5・11袴田さん完全無罪へ死刑求刑を許さない静岡集会
2024年5月11日、袴田さんの完全無罪を求める集会が静岡市内でもたれ、全国から300人が参加した。集会では小川秀世弁護士が袴田裁判の経過、青木理さんと鴨志田祐実弁護士が司法と再審の課題を提示した。

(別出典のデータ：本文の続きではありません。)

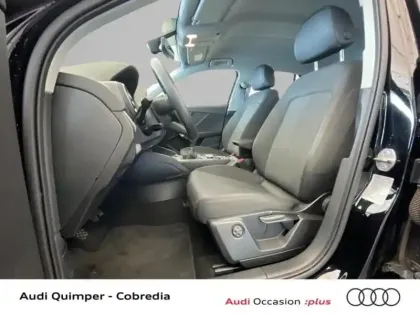 Photo 6 Audi Q2  30 TFSI 110ch Design
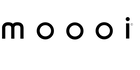 Logo der Marke Moooi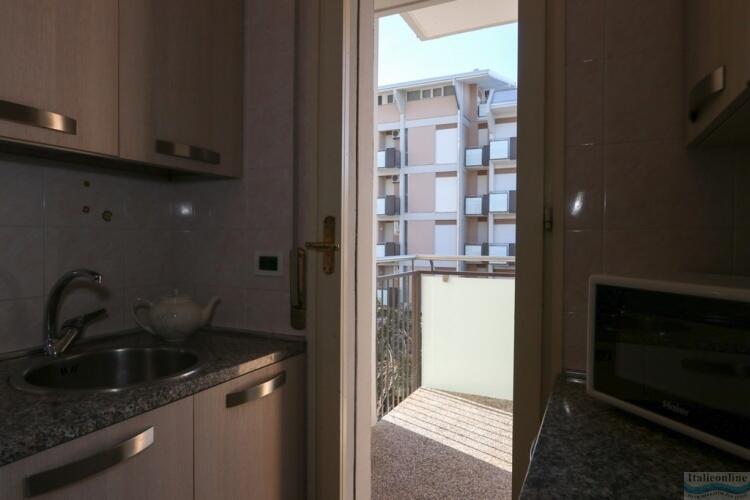 Apartamenty Aprilia a Adria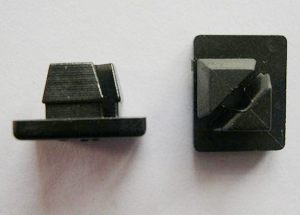 Automoible Plastic Clips and Fasteners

小川弁護士はつぎのように事件の経過と問題点を示した。
袴田事件では捜査機関が重要な事実や証拠を隠し、証拠のねつ造が多数行われ、違法行為が徹底的に隠し通されてきた。第1次再審では証拠開示が全くなされず、弁護団にも証拠のねつ造を追及する力がなかった。第2次再審では再審決定から検察の抗告で10年がかかり、証拠の開示でも味噌のカラー写真や自白の直前直後の録音テープがなかった。弁護団はもっと早く5点の衣類の問題に集中すべきであったし、警察と検察が作った事件自体がでたらめであることを打ち出すべきであった。一人の犯人で4人を身動きできない形で殺害することは無理であるし、盗んだという袋の金の一部を共犯者ではない知人に預けるという行為はありえない。再審公判では検察の有罪立証を阻止できず、審理を蒸し返すことになった。検察には反省がない。しかし事件自体が検察官による事件の内容とは異なるものであることが遺体と傷の状態から明らかになった。この事件は捜査機関による事実の隠蔽、証拠隠し、ねつ造の違法行為によるものである。弁護も虚偽の自白を阻止できなかった。裁判所もねつ造の可能性を検討しなかった。捜査機関の違法行為を検証できるようにしなければならない。すべての証拠のリスト化、その開示が必要である。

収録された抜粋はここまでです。